[Caption-style text data]
╔══

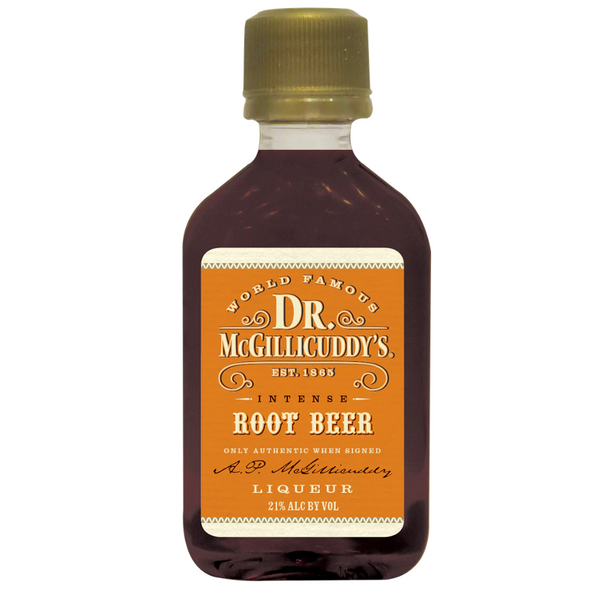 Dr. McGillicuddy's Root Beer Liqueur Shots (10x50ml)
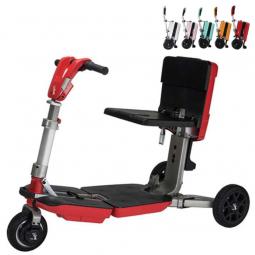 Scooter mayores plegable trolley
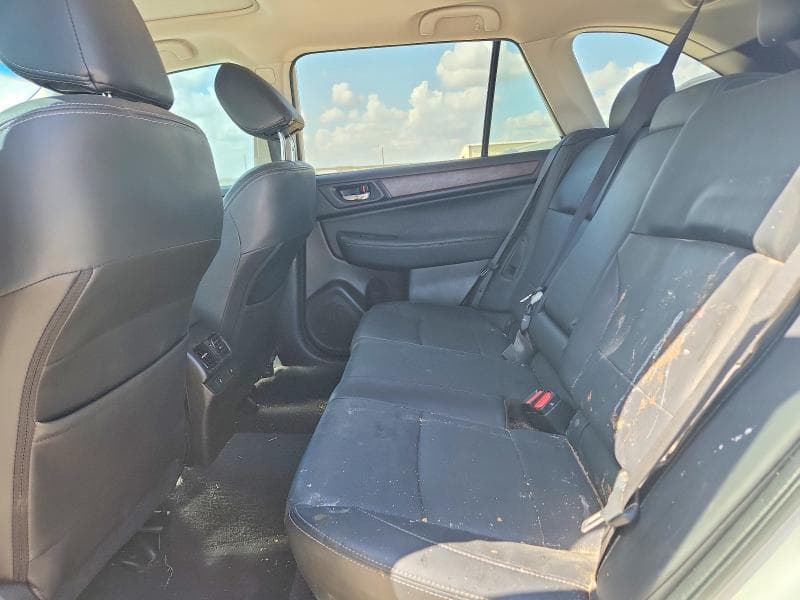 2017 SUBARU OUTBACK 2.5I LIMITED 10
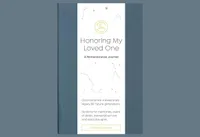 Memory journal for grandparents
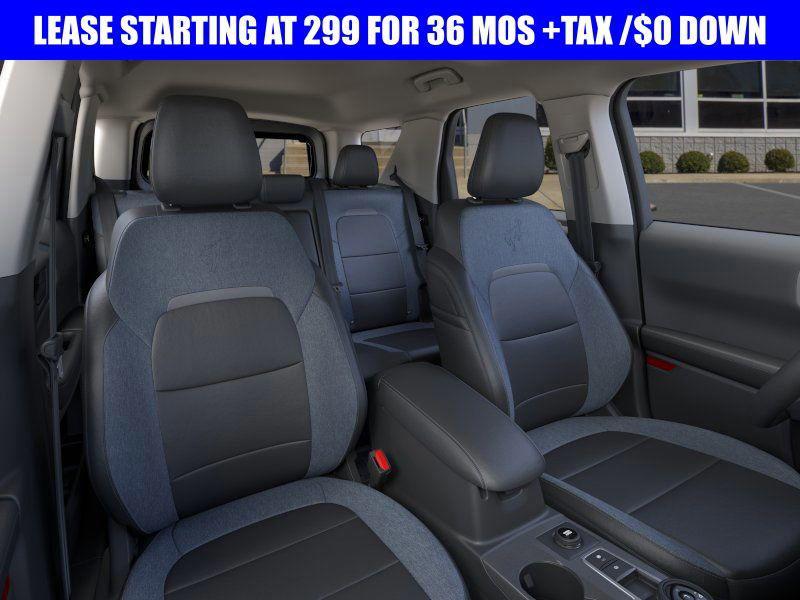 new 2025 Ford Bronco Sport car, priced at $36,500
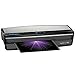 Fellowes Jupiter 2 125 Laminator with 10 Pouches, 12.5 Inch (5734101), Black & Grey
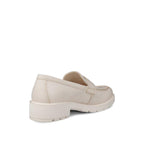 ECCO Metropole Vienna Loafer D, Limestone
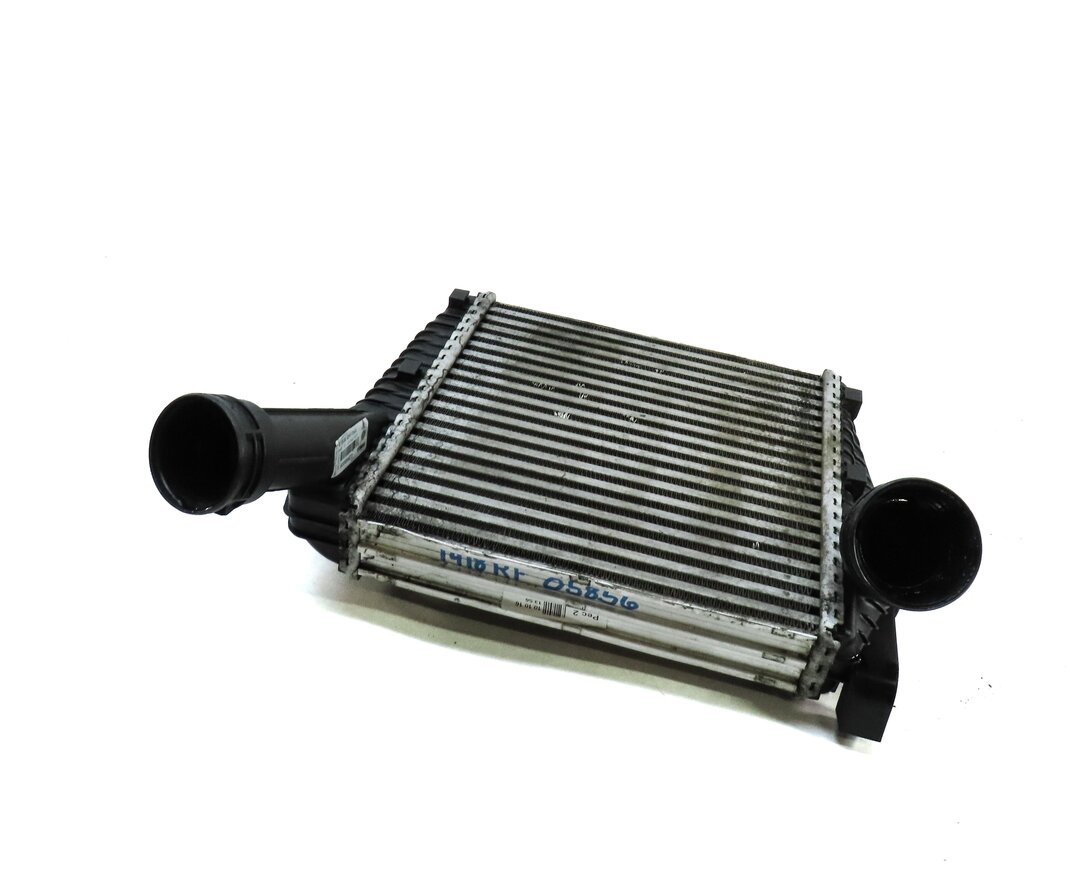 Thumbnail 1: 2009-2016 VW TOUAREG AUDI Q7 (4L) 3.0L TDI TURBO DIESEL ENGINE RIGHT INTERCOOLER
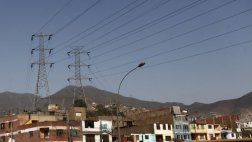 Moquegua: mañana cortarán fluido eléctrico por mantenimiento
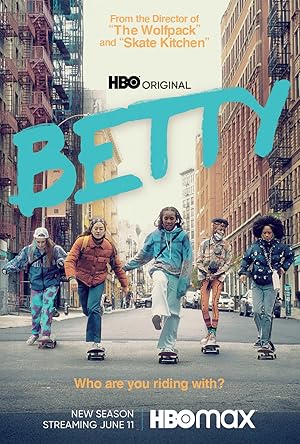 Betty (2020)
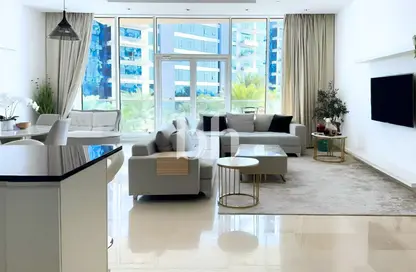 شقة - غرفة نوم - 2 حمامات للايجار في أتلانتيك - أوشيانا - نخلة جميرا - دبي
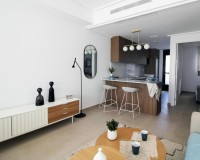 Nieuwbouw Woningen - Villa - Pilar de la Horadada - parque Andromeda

╚══

Exercise objective: Retype the data above exactly. Leave the pictures out.

Task solution:
 Dr. McGillicuddy's Root Beer Liqueur Shots (10x50ml)
 Scooter mayores plegable trolley
 2017 SUBARU OUTBACK 2.5I LIMITED 10
 Memory journal for grandparents
 new 2025 Ford Bronco Sport car, priced at $36,500
 Fellowes Jupiter 2 125 Laminator with 10 Pouches, 12.5 Inch (5734101), Black & Grey
 ECCO Metropole Vienna Loafer D, Limestone
 Thumbnail 1: 2009-2016 VW TOUAREG AUDI Q7 (4L) 3.0L TDI TURBO DIESEL ENGINE RIGHT INTERCOOLER
 Moquegua: mañana cortarán fluido eléctrico por mantenimiento
 Betty (2020)
 شقة - غرفة نوم - 2 حمامات للايجار في أتلانتيك - أوشيانا - نخلة جميرا - دبي
 Nieuwbouw Woningen - Villa - Pilar de la Horadada - parque Andromeda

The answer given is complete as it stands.